Manvendra Singh Gohil

Manvendra Kumar Singh Gohil

Royal portrait of Manvendra Kumar Singh
Born (1965-09-23) 23 September 1965
Ajmer, Rajasthan, India
Occupation Social activism
Spouse(s) Chandrika Kumari, princess of Jhabua (separated/divorced)
Parent(s) Maharana Shri Raghubir Singhji Rajendrasinghji Sahib

Prince Manvendra Singh Gohil (born 23 September 1965) is an openly gay Indian man who runs a charity, The Lakshya Trust, which works with the LGBT community. Manavendra is the son and probable heir of the Maharaja of Rajpipla in Gujarat.

Early life

Manvendra was born at Ajmer, the only son of Maharana Shri Raghubir Singhji Rajendrasinghji Sahib, Maharana of Rajpipla, and his wife Maharani Rukmini Devi. Manvendra's mother was born a princess of Jaisalmer in Rajasthan. Manvendra has one sister, Minaxi Kumari, who is married into the princely family of Chenani in Jammu and Kashmir.

In 1971, the government of India "de-recognized" the Indian princes, and Manvendra's father consequently lost the title of Maharaja and the privy purse (an annual pension) that came with it. The princes adjusted to the new socialist regime; the Rajpipla royals converted their family seat, the Rajvant Palace in Rajpipla, into a tourist resort and location for film-shooting. They also set up a second residence in Mumbai, so that their children could have a somewhat normal childhood and adjust better to the realities of their new circumstances.
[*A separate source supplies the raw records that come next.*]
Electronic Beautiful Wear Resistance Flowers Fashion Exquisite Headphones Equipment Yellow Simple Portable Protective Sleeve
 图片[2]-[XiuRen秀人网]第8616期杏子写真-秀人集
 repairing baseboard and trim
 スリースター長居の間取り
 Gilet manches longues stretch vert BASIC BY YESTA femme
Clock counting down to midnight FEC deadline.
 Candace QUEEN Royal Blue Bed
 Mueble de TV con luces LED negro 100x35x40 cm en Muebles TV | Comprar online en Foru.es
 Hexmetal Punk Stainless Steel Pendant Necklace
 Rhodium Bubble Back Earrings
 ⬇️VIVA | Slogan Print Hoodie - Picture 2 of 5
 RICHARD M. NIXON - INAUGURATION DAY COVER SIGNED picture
Manvendra had a traditional and conservative upbringing. He was educated at Bombay Scottish School and at the Amrutben Jivanlal College of Commerce and Economics (one of the institutions in the Mithibai College campus in Vile Parle, Mumbai.

Married life

As the only son of the Maharaja of Rajpipla, Manvendra was expected to produce an heir and, as per Indian custom, his parents arranged a match for him. In January 1991, Manvendra married Chandrika Kumari, a princess of Jhabua state in Madhya Pradesh. However, suspecting her husband's true sexual orientation, Kumari filed for divorce just a year after the wedding. Manvendra later said of his marriage, "I thought that after marriage everything will be all right, that with a wife, I will have children and become "normal" and then I will be at peace. I was struggling and striving to be "normal." I never knew and nobody told me that I was gay and [that] this itself is normal and it will not change. That this is what is called homosexuality and it is not a disease. I tremendously regret for ruining (Chandrika's) life. I feel guilty, but I simply did not know better."[1] Mavendra also stated that "the marriage never got consummated. I realized I had done something very wrong. Now two people were suffering instead of one. Far from becoming normal, my life was more miserable."[2]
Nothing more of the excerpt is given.